Start of DATASET EXTRACT

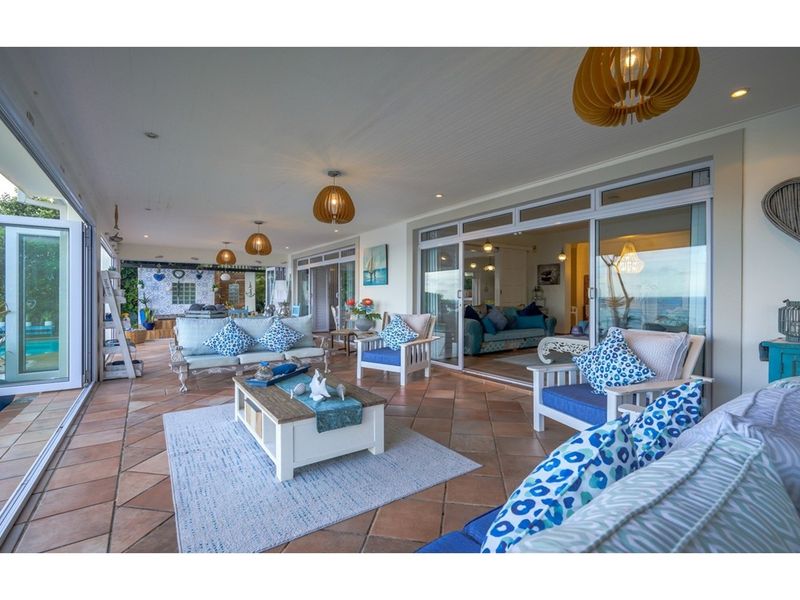 Spacious covered patio featuring terracotta floor tiles, recessed ceiling lighting, and large glass sliding doors providing seamless indoor-outdoor flow.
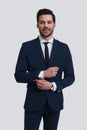 Confident and handsome. Good looking young man in full suit adjusting sleeve and looking at camera with smile while standing Royalty Free Stock Photo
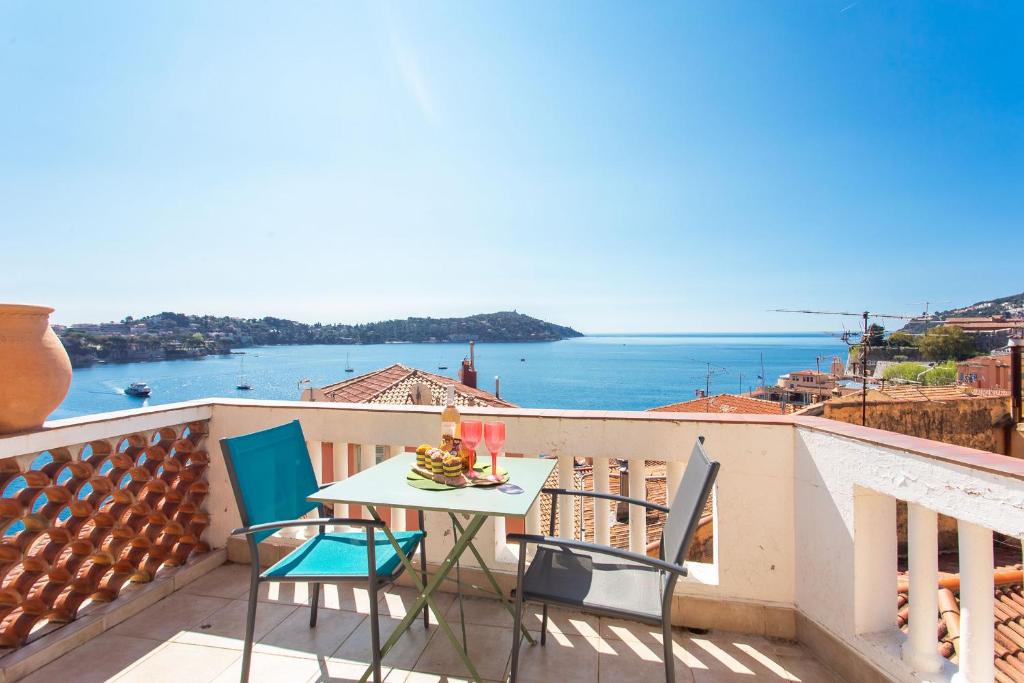 une table et des chaises sur un balcon avec vue sur l'océan dans l'établissement BELVEDERE AP1059 Villefranche-sur-Mer by Riviera Holiday Homes, à Villefranche-sur-Mer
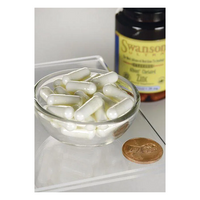 Thumbnail for A small glass bowl with white capsules lies beside a 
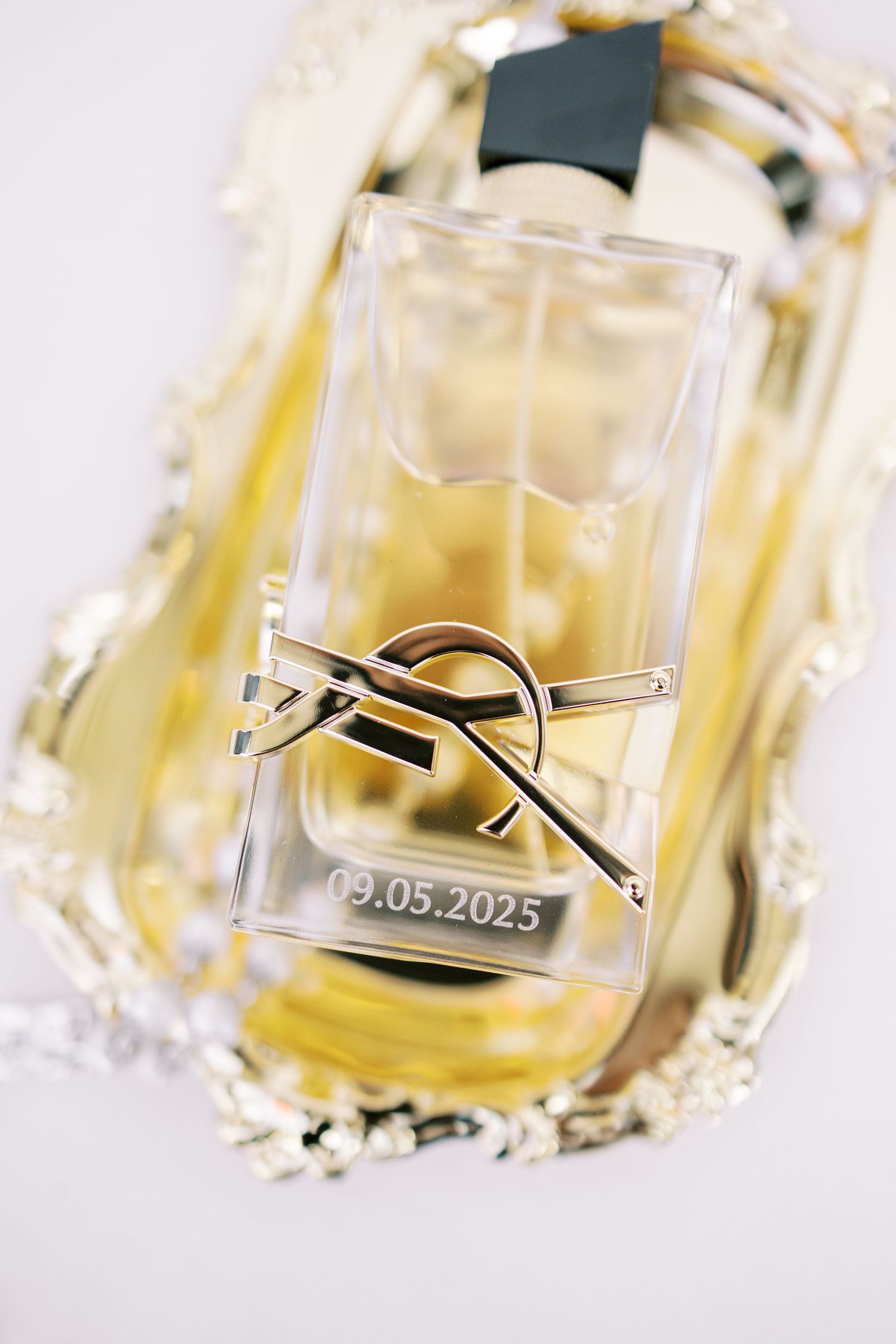 Three crystal perfume bottles with a yellow fragrance liquid and silver cap designs photographed up close.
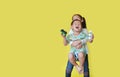 Playful of happy asian sister hugging and lift up her little brother standing on yellow background with copy space Royalty Free Stock Photo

End of DATASET EXTRACT

**TASK INSTRUCTIONS**
Your copy should match the entries exactly, minus the pictures.

**EXERCISE RESPONSE**
 Spacious covered patio featuring terracotta floor tiles, recessed ceiling lighting, and large glass sliding doors providing seamless indoor-outdoor flow.
 Confident and handsome. Good looking young man in full suit adjusting sleeve and looking at camera with smile while standing Royalty Free Stock Photo
 une table et des chaises sur un balcon avec vue sur l'océan dans l'établissement BELVEDERE AP1059 Villefranche-sur-Mer by Riviera Holiday Homes, à Villefranche-sur-Mer
 Thumbnail for A small glass bowl with white capsules lies beside a 
 Three crystal perfume bottles with a yellow fragrance liquid and silver cap designs photographed up close.
 Playful of happy asian sister hugging and lift up her little brother standing on yellow background with copy space Royalty Free Stock Photo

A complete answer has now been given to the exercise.